Große und kleine Offenbarungen.

Die Marienheiligtümer helfen uns, zu beten



Ein Brief von Albino Luciani


Aus dem Brief an den Prior von Pietralba über die Bedeutung der Marienheiligtümer

Venedig, 15. August 1977

[…] Wer die Heiligtümer besucht, wird darauf hingewiesen, daß die Erfahrung der Marienerscheinungen immer von armen, einfachen Leuten gemacht wurde: Kindern wie in Lourdes und Fatima; einfachen Bauersleuten wie in Motta di Livenza und Pietralba. So mancher hat dafür nur ein Lächeln, ein Achselzucken übrig. Aufmerksamere Christen dagegen sehen in diesem Phänomen die Fortsetzung der Politik Gottes, denn, wie Maria bereits herausgestellt hat: „Er stürzt die Mächtigen vom Thron und erhöht die Niedrigen. Die Hungernden beschenkt er mit seinen Gaben und lässt die Reichen leer ausgehen“ (Lk 1, 52-53).
Das Heiligtum von Pietralba, Bozen.

Das Heiligtum von Pietralba, Bozen.

Diese Erscheinungen haben schon immer zur Diskussion angeregt: da ist einerseits eine andächtige „Rechte“, die einen übertriebenen Hang zu religiösen „Sensationen“ zeigt; überall dabei ist, wo eine Erscheinung angekündigt wird; jeden Bericht darüber nahezu verschlingt; unermüdlich das „Dritte Geheimnis“ von Fatima lüften will. Und die kommt durchaus auf ihre Kosten: von 1930 bis 1975 wurden 232 Marienerscheinungen gezählt! Eine hyperkritische katholische „Linke“ dagegen erklärt alles, was nicht Bibel ist, als unseriös, tendiert dazu, a priori alle Erscheinungen abzutun, die ohnehin äußerst selten sind bei so seriösen Leuten wie den Engländern, Nordamerikanern oder den Deutschen – obwohl es doch auch in englisch- und deutschsprachigen Gebieten zahlreiche Marienheiligtümer gibt. Oft sind sie den Erscheinungen Unserer Lieben Frau in Lourdes, Fatima, Caravaggio, usw. gewidmet.
Richtig ist die goldene Mitte zwischen diesen beiden Extremen. Vorgeschlagen haben sie u.a.
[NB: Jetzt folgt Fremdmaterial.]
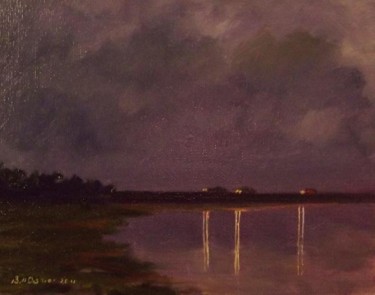 Painting titled "Dollymount Causeway…" by Bill O'Brien, Original Artwork, Oil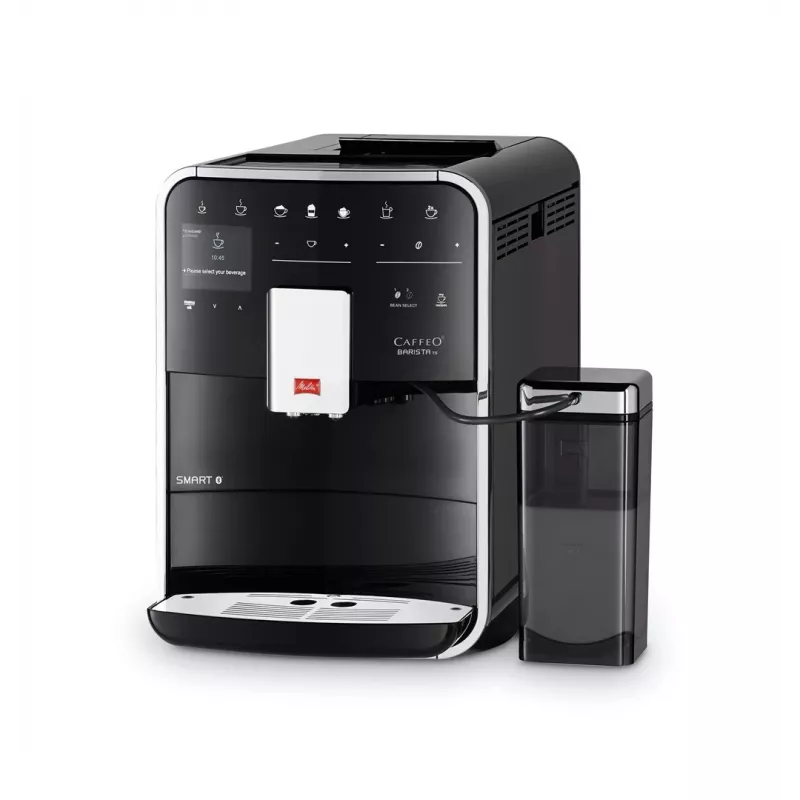 Kafijas automāts MELITTA Barista Smart TS — 1,8 L ūdens tvertne, dubultā iztekas snīpis, TFT displejs, pieņem maltu kafiju, 1450 W, melns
Thomas von Aquin und Johannes XXIII. Ersterer schrieb, daß die „große“ Offenbarung zwar mit den Aposteln bereits vollbracht wurde, eine „kleine“ Offenbarung aber trotzdem auch nach den Aposteln, in der Zeit der Kirche, noch nützlich ist. „Nicht jedoch, um eine neue Lehre hervorzubringen, sondern um das menschliche Handeln zu lenken.“ Auf derselben Linie erklärte Papst Johannes am 18. Februar 1959 am Ende der 100-Jahr-Feier von Lourdes: „Den Päpsten […] obliegt die Pflicht, die Gläubigen immer dann, wenn sie es nach sorgfältiger Prüfung als dem Gemeinwohl zuträglich erachten, auf das übernatürliche Licht hinzuweisen, das Gott gewissen privilegierten Seelen so großzügig zu schenken beliebt. Nicht aber, um neue Lehren vorzuschlagen, sondern vielmehr als Verhaltensregel.“
Die „sorgfältige Prüfung“, von der der Papst hier spricht, gilt sowohl für die Betroffenen als auch für die Botschaft. Negativ ist es, wenn die vermeintlichen „Seher“ die Visionen herbeisehnen, sie „hinausposaunen“, sich selbst in Szene setzen, ja, sich gar widersprechen. […]
Für Papst Johannes ist die „Sensation“ nebensächlich: wichtig ist, daß uns die Muttergottes in Lourdes, Fatima, La Salette und anderswo der Erkenntnis einer Wahrheit zuführen will: dem Gebet und der Buße (also Umkehr). Sie wiederholt die Mahnung, die schon Jesus ausgesprochen hat: „Wenn ihr nicht Buße tut, werdet ihr zugrunde gehen […] Wir müssen immer beten.“ Immer. Die Heiligtümer helfen uns vor allem dabei, diese Lehre nicht zu vergessen. Deshalb sind sie so nützlich und tun uns so gut.